• _Problem_:
Look through the material and copy each line holding "Sierra".

• _Supplied material_:
"""
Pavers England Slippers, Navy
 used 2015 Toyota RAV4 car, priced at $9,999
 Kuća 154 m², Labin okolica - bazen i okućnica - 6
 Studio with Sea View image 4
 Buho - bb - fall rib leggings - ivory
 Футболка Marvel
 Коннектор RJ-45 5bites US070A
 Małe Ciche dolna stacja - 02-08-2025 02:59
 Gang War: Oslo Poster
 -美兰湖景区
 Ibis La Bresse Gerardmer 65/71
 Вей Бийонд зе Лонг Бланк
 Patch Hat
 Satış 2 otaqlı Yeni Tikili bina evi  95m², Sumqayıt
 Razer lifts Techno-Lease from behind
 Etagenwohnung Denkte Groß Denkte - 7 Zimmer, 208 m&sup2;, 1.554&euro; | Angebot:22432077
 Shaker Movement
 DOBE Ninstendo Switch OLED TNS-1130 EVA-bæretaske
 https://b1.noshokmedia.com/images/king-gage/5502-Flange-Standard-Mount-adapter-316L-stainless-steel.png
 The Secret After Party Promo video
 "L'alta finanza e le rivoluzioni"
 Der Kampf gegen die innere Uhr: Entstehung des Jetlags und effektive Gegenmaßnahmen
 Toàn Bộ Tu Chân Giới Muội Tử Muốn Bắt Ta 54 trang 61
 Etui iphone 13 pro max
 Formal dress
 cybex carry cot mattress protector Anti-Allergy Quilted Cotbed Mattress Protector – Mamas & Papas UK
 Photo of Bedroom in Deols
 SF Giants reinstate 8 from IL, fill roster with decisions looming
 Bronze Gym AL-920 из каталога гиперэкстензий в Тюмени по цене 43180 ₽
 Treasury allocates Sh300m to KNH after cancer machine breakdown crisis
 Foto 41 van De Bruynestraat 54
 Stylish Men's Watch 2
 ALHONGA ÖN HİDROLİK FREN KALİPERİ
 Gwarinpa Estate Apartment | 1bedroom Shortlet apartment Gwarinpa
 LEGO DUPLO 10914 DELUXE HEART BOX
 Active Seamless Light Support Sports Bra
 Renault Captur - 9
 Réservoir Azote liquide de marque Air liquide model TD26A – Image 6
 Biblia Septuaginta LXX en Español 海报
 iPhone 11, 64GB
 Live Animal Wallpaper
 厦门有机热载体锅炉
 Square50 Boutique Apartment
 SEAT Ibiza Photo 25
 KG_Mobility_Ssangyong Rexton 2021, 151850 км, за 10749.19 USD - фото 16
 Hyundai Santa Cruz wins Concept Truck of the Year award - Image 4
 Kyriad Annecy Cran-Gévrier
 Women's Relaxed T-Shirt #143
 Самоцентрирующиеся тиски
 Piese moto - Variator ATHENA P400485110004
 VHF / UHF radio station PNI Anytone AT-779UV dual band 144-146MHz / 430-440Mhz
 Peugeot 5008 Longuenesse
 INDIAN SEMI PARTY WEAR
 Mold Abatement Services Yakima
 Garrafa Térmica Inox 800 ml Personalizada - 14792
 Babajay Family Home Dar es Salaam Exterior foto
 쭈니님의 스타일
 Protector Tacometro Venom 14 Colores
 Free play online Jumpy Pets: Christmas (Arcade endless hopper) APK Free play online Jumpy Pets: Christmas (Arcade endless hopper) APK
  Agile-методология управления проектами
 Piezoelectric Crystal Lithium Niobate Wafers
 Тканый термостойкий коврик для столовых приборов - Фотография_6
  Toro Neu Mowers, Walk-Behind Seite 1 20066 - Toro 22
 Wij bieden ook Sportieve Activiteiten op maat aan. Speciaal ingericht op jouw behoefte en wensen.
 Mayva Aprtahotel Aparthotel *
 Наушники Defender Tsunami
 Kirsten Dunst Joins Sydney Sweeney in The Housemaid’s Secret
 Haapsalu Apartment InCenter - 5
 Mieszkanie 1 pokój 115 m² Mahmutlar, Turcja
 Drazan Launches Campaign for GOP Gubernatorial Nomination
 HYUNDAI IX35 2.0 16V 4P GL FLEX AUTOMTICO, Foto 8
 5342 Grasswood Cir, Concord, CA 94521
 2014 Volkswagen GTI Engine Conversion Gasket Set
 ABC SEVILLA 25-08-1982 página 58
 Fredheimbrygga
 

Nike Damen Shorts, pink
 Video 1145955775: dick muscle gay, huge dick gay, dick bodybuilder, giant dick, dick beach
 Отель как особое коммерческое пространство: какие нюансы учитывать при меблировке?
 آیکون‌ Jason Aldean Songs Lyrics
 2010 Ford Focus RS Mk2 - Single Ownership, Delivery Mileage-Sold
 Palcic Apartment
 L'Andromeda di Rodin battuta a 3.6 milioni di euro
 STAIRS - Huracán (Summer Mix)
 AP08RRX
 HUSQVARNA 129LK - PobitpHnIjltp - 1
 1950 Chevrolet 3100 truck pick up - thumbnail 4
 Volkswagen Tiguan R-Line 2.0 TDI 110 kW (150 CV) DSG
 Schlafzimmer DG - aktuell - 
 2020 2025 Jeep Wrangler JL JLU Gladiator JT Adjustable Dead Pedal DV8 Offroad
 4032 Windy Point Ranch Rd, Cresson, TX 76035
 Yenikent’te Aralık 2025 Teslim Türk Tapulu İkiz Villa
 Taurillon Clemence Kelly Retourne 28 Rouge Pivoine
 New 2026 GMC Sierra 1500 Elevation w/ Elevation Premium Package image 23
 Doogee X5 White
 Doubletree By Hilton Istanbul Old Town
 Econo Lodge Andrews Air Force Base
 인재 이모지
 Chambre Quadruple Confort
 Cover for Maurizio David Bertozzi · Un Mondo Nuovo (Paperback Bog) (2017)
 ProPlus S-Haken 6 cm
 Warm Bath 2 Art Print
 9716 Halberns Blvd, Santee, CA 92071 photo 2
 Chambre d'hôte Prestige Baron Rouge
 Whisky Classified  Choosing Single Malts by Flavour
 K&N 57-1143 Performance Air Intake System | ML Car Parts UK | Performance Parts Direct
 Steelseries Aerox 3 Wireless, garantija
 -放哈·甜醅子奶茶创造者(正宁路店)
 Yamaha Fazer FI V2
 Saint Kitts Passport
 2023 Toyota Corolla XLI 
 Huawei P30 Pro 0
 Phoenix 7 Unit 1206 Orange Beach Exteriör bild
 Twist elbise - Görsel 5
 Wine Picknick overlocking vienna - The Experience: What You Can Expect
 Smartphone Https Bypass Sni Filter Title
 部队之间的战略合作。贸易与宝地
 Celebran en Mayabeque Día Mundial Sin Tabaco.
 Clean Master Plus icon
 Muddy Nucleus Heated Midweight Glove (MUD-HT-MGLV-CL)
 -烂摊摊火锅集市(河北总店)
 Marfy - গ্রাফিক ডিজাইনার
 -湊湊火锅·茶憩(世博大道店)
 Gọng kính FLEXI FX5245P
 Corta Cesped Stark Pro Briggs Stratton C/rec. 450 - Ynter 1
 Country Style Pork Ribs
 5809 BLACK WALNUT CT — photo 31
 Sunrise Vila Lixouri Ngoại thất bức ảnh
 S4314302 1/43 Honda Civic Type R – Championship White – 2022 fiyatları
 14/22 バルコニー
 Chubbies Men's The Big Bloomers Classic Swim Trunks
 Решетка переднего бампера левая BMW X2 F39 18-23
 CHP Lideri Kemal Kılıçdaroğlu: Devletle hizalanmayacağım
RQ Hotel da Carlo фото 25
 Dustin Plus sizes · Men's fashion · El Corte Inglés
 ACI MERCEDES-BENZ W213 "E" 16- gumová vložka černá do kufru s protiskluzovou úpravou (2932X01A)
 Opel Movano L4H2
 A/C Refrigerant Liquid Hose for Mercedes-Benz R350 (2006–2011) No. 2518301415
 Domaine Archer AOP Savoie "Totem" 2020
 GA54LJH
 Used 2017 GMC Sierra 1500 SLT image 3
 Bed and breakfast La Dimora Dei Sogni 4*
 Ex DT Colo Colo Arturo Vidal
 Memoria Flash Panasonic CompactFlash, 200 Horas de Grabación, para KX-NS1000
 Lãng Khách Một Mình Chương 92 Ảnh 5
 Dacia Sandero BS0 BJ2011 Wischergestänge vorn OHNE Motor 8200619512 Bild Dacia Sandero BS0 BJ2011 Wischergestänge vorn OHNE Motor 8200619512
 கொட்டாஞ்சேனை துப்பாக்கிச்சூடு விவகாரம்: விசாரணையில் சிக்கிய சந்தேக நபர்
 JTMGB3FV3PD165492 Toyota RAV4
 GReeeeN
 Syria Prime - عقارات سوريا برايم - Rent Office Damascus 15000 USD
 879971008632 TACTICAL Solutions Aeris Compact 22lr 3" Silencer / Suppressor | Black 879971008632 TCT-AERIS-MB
"""
• _Answer section_:
 New 2026 GMC Sierra 1500 Elevation w/ Elevation Premium Package image 23
 Used 2017 GMC Sierra 1500 SLT image 3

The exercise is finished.